The album is supplemented by four bonus tracks all of them alternate mixes or takes of album tracks. We get a shortened aborted alternate take of “The Battle of Marston Moor”. It highlights Wood’s string playing. “Nellie Takes Her Bow” is an alternate mix of the final version. “Mr. Radio” is featured with a different take that features an extensive violin introduction by Wood. “10538 Overture” is the first take of the tune with an alternate mix and runs slightly longer with a slightly different vocal take by Lynne. All will be essential for ELO fans. The booklet includes extensive information on the recording sessions with wry and affectionate comments from Wood and Lynne on their first collaboration as ELO. ***

I should warn fans whose first purc hase might have been "On the Third Day", "Face the Music" or "A New World Record" that the first ELO album is a bit different; although all the basic pieces were in place the band's sound changed significantly after Wood's departure (he appeared on the second album as well before leaving to form Wizzard). ***

There has been a bit of a stink created about mastering engineer Peter Mew’s overuse of Sonic Solutions “No Noise” to eliminate the considerable tape hiss due to all the overdubs done by Wood, Lynne and drummer Bev Bevan.
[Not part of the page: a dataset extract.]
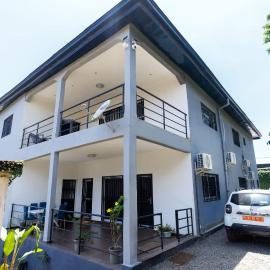 Duplex MNE، فندق في دوالا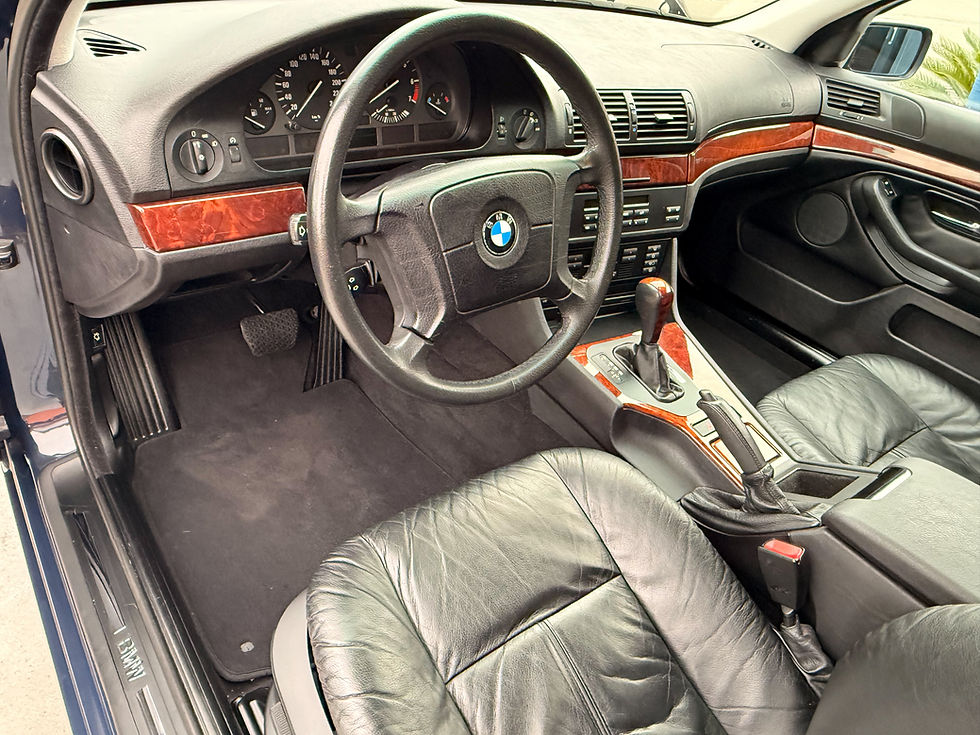 Miniatura: BMW 528i 1997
While the sound is a bit sterile with some of the high end clipped the trade off of considerable tape hiss from the master recordings (which were used for the first time in this transfer since the original vinyl release) makes sense. T h e question is how much tape hiss fans would have wanted eliminated. That’s going to be up to the individual fan. I wouldn’t suggest trading in or selling your earlier CDs until you hear the album in full and decide if the sound appeals to you. ***

In a perfect world the high end of the sound wouldn't be clipped and the tape hiss eliminated or, at the very least, reduced. We don't live in that world quite yet. This reissue sounds exceptional given the technology of yesterday and today. It certainly improves on the previous CD issue with a lot more detail evident in the recordings and better overall clarity.

Final Words:

"No Answer" sounds unlike anything else in the ELO catalog with its sparse string parts (all played by Wood) but catches Lynne, Wood and Bevan in full creative bloom. It's a pity it took so long for this effort to finally arrive in the United States but the album was worth the wait with the extensive bonus tracks included. Although there aren't any major discoveries (such as unreleased songs from the sessions) the bonus tracks do provide a glimpse into the creative core of the group.